(Beginning of Task inputs)
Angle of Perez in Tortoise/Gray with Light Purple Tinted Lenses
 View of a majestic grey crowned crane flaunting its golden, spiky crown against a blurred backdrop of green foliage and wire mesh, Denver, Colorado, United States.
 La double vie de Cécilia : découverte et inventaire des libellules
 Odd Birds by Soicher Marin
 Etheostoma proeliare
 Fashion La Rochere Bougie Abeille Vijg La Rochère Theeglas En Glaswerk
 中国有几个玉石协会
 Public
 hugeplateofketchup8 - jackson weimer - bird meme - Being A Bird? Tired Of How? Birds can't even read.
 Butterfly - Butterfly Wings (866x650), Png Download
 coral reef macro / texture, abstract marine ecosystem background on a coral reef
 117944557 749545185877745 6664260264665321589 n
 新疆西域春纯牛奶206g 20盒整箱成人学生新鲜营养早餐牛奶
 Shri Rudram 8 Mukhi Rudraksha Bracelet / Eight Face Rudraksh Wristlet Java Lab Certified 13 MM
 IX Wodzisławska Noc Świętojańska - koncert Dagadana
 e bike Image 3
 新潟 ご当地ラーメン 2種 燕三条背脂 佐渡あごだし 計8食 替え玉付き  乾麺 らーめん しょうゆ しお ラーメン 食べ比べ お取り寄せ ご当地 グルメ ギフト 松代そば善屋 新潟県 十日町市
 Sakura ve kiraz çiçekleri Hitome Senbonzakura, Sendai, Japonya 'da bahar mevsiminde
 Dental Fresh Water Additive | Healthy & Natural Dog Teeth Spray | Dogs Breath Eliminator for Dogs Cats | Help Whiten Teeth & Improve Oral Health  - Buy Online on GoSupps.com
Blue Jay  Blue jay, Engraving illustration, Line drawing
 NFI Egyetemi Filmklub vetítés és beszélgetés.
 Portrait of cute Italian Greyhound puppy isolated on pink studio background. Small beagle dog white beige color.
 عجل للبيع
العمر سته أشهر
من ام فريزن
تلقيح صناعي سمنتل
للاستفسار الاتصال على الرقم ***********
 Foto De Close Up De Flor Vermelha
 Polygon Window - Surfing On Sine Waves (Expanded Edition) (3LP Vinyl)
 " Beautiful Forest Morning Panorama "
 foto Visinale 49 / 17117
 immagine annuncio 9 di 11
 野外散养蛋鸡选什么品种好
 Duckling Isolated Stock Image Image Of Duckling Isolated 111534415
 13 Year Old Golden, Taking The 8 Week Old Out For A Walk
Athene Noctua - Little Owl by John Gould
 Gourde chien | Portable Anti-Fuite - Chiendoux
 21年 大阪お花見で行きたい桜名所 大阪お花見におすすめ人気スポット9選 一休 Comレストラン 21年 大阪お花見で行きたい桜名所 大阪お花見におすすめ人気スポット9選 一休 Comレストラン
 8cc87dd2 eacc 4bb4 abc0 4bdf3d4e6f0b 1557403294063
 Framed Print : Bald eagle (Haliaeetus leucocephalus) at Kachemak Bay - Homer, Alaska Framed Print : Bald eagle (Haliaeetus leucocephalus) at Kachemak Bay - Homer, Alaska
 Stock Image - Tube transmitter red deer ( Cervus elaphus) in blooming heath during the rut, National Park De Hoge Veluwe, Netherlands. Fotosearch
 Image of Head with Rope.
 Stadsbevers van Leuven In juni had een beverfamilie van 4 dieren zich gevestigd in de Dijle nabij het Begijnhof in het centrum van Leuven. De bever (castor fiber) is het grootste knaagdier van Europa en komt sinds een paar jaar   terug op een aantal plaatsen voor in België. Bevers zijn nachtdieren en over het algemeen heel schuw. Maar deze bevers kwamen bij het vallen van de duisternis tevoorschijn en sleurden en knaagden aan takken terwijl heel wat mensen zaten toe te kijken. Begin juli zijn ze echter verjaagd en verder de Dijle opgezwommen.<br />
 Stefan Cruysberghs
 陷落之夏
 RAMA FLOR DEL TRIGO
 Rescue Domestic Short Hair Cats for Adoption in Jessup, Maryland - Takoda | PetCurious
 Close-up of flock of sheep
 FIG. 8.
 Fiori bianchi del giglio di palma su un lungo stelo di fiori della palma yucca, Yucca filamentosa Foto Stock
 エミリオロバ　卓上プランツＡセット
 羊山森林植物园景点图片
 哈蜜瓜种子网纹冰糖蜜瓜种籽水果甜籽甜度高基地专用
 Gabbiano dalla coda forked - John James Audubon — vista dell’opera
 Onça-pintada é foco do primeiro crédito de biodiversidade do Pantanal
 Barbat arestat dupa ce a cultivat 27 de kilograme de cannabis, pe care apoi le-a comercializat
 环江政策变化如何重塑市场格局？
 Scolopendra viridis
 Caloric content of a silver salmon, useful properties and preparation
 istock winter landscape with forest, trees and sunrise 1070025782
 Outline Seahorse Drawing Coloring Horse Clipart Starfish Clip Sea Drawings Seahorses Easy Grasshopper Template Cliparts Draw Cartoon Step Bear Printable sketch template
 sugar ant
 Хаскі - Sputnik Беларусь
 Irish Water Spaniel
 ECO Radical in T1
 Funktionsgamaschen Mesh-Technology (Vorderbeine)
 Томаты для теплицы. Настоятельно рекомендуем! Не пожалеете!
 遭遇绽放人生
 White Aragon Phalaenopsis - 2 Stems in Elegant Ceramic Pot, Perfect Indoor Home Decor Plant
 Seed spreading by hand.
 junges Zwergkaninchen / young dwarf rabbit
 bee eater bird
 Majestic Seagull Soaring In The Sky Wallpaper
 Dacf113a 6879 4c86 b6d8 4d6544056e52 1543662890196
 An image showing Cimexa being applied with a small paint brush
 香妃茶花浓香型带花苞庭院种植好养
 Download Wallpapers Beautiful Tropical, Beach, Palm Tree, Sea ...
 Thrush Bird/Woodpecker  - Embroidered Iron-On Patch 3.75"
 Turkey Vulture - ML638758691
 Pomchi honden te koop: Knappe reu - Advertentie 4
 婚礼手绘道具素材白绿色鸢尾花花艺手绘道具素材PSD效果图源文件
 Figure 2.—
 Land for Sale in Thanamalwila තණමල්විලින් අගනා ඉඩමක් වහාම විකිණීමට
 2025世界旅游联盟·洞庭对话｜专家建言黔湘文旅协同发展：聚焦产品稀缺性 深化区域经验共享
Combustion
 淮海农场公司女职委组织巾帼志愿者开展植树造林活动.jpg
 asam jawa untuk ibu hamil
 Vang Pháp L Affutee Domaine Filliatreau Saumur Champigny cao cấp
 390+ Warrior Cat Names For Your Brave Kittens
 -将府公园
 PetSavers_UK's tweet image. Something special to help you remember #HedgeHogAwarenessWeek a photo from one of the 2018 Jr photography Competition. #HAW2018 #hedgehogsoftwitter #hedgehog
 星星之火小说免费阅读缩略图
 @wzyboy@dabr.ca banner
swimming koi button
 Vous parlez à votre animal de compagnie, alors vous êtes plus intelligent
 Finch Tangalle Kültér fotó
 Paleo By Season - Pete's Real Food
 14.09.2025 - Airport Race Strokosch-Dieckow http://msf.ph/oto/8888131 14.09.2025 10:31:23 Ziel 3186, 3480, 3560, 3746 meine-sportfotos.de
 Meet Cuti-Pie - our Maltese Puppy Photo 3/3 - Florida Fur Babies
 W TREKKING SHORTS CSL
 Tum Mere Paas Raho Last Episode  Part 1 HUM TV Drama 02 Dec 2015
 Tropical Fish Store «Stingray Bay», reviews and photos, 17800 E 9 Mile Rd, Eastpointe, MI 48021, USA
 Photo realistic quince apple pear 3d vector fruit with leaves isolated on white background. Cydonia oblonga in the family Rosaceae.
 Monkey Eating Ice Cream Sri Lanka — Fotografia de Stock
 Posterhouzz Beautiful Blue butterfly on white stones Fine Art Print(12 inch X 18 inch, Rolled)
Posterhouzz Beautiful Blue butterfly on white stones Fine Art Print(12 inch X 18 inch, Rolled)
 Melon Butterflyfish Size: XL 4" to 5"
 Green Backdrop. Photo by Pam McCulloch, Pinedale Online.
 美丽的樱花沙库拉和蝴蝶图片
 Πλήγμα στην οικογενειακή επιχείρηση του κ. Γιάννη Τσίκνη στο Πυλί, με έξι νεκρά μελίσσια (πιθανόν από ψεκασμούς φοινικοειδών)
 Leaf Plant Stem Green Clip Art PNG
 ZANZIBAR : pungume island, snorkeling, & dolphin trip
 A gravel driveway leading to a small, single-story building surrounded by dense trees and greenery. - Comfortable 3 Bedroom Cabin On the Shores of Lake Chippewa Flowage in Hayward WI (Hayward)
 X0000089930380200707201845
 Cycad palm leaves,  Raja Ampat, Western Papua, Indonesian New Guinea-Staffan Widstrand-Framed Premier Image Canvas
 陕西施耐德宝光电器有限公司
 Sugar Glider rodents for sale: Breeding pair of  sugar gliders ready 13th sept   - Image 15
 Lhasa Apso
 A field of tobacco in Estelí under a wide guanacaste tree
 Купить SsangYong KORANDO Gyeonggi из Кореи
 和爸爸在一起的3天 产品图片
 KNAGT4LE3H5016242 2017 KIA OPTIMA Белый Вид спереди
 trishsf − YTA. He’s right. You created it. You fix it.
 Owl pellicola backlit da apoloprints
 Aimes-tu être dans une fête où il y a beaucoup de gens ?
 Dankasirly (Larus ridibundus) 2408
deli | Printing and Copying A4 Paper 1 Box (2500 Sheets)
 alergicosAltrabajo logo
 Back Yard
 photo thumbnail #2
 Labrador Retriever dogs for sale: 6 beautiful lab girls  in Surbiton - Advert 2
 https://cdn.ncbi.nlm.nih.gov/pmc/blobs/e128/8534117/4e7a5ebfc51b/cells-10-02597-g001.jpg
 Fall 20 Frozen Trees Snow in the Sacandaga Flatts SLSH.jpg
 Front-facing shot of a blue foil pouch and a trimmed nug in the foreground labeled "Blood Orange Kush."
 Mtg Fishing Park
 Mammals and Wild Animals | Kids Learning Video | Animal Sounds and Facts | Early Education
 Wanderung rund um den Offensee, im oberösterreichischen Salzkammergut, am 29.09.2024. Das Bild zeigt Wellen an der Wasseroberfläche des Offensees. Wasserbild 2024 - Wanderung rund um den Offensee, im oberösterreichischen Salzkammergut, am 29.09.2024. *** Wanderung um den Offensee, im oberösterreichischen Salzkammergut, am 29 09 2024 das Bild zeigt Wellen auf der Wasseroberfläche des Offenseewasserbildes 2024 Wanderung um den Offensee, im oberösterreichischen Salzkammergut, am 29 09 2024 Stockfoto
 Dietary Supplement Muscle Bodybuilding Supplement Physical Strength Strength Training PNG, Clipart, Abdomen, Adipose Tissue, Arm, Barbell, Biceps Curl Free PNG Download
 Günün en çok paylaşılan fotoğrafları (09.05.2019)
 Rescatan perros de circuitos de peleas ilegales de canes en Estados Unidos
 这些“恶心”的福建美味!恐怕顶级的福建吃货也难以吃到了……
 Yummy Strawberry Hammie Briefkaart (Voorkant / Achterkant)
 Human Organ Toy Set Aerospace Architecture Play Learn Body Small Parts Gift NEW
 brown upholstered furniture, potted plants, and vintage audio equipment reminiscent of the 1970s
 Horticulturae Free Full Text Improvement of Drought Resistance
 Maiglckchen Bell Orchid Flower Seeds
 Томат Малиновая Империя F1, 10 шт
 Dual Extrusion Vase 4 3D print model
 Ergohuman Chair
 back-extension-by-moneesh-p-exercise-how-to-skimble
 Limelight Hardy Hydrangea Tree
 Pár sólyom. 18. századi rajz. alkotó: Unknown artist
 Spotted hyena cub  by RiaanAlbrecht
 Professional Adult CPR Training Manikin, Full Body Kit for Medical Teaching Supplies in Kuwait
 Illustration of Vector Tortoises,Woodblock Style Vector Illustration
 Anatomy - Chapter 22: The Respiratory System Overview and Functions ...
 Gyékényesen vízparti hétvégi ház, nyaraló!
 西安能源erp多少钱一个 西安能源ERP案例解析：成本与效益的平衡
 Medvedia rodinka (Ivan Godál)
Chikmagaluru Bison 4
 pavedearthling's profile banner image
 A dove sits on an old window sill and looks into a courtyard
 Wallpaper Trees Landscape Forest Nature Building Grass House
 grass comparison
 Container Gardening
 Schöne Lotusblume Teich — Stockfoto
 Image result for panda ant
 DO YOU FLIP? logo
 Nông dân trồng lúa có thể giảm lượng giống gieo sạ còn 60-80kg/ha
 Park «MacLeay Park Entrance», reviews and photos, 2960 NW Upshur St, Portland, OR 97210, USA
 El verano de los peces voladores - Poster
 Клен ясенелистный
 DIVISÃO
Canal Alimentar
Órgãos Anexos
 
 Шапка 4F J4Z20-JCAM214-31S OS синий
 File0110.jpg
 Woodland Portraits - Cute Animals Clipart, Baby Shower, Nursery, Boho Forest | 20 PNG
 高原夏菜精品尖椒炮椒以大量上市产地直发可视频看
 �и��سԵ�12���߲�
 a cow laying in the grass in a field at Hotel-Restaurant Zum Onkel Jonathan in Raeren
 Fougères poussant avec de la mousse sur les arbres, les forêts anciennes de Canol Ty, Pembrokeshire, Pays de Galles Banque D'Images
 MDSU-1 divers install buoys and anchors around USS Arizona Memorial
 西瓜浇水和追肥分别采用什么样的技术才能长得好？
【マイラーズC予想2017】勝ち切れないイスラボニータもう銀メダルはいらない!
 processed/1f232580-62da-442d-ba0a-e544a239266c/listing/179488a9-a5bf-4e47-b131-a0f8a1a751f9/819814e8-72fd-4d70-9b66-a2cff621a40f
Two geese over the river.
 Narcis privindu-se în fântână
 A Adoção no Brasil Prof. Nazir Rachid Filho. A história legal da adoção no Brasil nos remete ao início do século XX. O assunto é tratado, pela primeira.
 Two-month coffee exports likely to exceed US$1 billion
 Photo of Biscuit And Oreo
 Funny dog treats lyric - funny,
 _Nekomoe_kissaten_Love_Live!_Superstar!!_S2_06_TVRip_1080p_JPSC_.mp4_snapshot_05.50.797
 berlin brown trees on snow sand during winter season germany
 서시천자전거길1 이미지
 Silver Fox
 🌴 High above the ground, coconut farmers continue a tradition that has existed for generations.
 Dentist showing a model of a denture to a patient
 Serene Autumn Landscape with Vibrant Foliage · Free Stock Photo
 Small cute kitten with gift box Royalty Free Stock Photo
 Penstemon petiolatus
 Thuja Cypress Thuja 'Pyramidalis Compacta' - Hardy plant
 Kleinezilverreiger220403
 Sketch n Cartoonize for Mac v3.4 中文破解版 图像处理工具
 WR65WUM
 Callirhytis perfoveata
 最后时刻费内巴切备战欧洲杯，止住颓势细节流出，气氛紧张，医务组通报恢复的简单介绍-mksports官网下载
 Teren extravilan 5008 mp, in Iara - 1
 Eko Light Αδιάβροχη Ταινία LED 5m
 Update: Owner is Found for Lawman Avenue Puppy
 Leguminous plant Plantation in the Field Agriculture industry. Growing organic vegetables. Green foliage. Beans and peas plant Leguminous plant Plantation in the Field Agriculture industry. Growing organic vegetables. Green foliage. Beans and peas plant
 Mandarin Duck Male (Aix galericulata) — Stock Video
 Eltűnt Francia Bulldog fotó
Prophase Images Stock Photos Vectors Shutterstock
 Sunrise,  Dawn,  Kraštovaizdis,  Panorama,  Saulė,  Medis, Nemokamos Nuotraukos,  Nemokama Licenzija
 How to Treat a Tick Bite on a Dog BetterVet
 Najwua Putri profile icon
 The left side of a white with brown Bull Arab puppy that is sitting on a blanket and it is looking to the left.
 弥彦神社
(End of Task inputs)
Activity
Output the material above exactly, but only from the line that carries "Shri Rudram 8" through the line that carries "Stock Image - Tube".

Output for this task
 Shri Rudram 8 Mukhi Rudraksha Bracelet / Eight Face Rudraksh Wristlet Java Lab Certified 13 MM
 IX Wodzisławska Noc Świętojańska - koncert Dagadana
 e bike Image 3
 新潟 ご当地ラーメン 2種 燕三条背脂 佐渡あごだし 計8食 替え玉付き  乾麺 らーめん しょうゆ しお ラーメン 食べ比べ お取り寄せ ご当地 グルメ ギフト 松代そば善屋 新潟県 十日町市
 Sakura ve kiraz çiçekleri Hitome Senbonzakura, Sendai, Japonya 'da bahar mevsiminde
 Dental Fresh Water Additive | Healthy & Natural Dog Teeth Spray | Dogs Breath Eliminator for Dogs Cats | Help Whiten Teeth & Improve Oral Health  - Buy Online on GoSupps.com
Blue Jay  Blue jay, Engraving illustration, Line drawing
 NFI Egyetemi Filmklub vetítés és beszélgetés.
 Portrait of cute Italian Greyhound puppy isolated on pink studio background. Small beagle dog white beige color.
 عجل للبيع
العمر سته أشهر
من ام فريزن
تلقيح صناعي سمنتل
للاستفسار الاتصال على الرقم ***********
 Foto De Close Up De Flor Vermelha
 Polygon Window - Surfing On Sine Waves (Expanded Edition) (3LP Vinyl)
 " Beautiful Forest Morning Panorama "
 foto Visinale 49 / 17117
 immagine annuncio 9 di 11
 野外散养蛋鸡选什么品种好
 Duckling Isolated Stock Image Image Of Duckling Isolated 111534415
 13 Year Old Golden, Taking The 8 Week Old Out For A Walk
Athene Noctua - Little Owl by John Gould
 Gourde chien | Portable Anti-Fuite - Chiendoux
 21年 大阪お花見で行きたい桜名所 大阪お花見におすすめ人気スポット9選 一休 Comレストラン 21年 大阪お花見で行きたい桜名所 大阪お花見におすすめ人気スポット9選 一休 Comレストラン
 8cc87dd2 eacc 4bb4 abc0 4bdf3d4e6f0b 1557403294063
 Framed Print : Bald eagle (Haliaeetus leucocephalus) at Kachemak Bay - Homer, Alaska Framed Print : Bald eagle (Haliaeetus leucocephalus) at Kachemak Bay - Homer, Alaska
 Stock Image - Tube transmitter red deer ( Cervus elaphus) in blooming heath during the rut, National Park De Hoge Veluwe, Netherlands. Fotosearch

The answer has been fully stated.